Published by Orion
Available in ebook (18 February 2020) | Hardback (20 February 2020)
Source: Copy received for review from publisher
ABOUT THE BOOK
One juror changed the verdict. What if she was wrong?
‘Ten years ago we made a decision together…’
Fifteen-year-old Jessica Silver, heiress to a billion-dollar fortune, vanishes on her way home from school. Her teacher, Bobby Nock, is the prime suspect.
It’s an open and shut case for the prosecution, and a quick conviction seems all but guaranteed.
Until Maya Seale, a young woman on the jury, persuades the rest of the jurors to vote not guilty: a controversial decision that will change all of their lives forever. Ten years later, one of the jurors is found dead, and Maya is the prime suspect.
The real killer could be any of the other ten jurors. Is Maya being forced to pay the price for her decision all those years ago?

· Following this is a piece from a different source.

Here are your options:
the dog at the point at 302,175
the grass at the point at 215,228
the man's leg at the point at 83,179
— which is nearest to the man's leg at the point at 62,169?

I’ve never yet been called for jury service and after reading this book, I’m not sure that I want to be. Ten years ago, 26 year old juror Maya Seale convinced her fellow jurors to find Bobby Nock not guilty of the disappearance and murder of schoolgirl Jessica Silver. This was a controversial verdict not just because Bobby was Jessica’s teacher but also he was black and Jessica came from a rich white family. When they left the courtroom after delivering their verdict, the jurors had no idea of the fallout their decision would have –some of their lives were never the same again.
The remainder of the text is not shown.